Is anyone getting the picture of the stupidity and greed of the project??... coleman, politicians looking to become consultants, the pioneer press, all the banks, real estate companies, & money men. Lite rail is about greed, not transportation for people. Tell the U of M to keep fighting. Encourage businesses along Univ. Ave to sue. Encourage minority communities to sue. Encourage the churches that stand to be destroyed to sue.
StPaul IsCorrupt

Saint Paul, MN

#23 Dec 16, 2009
So St. Paul is knocking down rec centers because they need some minor maintaince and utilities??? What idiots!

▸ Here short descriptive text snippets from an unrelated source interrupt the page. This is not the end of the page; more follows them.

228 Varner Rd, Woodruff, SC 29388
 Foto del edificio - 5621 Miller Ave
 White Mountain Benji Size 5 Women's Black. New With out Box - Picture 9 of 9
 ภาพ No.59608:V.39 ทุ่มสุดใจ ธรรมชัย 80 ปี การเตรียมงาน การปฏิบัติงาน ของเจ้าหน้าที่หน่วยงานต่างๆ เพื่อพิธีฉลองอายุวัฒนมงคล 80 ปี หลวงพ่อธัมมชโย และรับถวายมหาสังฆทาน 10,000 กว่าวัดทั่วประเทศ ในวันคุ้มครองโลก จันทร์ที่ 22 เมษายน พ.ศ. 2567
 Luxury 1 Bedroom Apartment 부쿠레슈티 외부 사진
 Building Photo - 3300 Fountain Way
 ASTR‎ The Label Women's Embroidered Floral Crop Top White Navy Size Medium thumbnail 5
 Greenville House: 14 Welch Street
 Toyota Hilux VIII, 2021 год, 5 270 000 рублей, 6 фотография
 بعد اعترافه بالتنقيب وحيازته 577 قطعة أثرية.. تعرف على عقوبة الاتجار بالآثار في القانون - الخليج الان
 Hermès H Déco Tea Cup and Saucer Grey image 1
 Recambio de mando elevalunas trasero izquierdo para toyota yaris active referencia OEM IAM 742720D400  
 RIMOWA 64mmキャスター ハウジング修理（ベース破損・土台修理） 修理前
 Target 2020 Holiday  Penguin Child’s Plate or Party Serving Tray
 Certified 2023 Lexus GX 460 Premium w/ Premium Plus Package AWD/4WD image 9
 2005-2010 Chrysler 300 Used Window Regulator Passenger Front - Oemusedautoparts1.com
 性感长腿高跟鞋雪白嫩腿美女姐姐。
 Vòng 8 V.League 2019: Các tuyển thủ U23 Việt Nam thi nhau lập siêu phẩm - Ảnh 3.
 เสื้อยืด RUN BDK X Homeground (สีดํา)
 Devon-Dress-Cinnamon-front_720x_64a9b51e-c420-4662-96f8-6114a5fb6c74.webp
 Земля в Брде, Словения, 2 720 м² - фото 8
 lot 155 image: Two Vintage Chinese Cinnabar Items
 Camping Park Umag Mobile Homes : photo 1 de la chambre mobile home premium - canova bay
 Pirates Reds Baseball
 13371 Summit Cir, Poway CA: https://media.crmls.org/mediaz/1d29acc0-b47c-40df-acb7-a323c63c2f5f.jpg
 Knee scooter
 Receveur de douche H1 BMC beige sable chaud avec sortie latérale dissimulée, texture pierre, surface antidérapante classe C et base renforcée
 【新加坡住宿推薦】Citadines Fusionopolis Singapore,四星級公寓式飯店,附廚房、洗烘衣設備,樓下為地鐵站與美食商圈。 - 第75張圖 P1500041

Those buildings looked fine on TV. You know in a few years they are going to ask the state for money to build brand new ones! What a crock of s@# Mayor Coleman is doing!
tiger s mom

Minneapolis, MN

#24 Dec 17, 2009
Joe Merlot wrote:
<quoted text>
No Cheryl, you need policies that will bring more responsible families that parent their children effectively. The ongoing anti-buiness, tax the wealthy policies are serving to run the jobs and responsible families from your city leaving just those who have no option to, but to stay in St Paul and try to survive. Unfortunately, these people tend to be under educated and ill prepared for the job market and are forced to spend a disporpotionate amount of their time working to provide for their family leaving the family to raise itself. As the policies that are cheered and reveered in St Paul continue, this will accelerate and get worse. The remaining residents need to get serious about reviving St Paul and that will require a broadening of perspectives and a softening of the tax the wealthy policies. Regardless, it will be a long and painfull path back to prosperity in St Paul that will require some short term consessions as St Paul has fallen quite a way from their hey day of your time. I do recall that time as well. I have two generations of families that grew up in the Battle Creek area and none live there anymore because of the cost of living their and the general decline of the populis.
You moved from battle creek to chicago, because of the high cost of living?

Since: Nov 08

St. Paul, MN

#25 Dec 17, 2009
Just think, with these centers closing, parents will actually have to do something they don't currently do and expect the rec center staff to do: And that's babysitting their own children.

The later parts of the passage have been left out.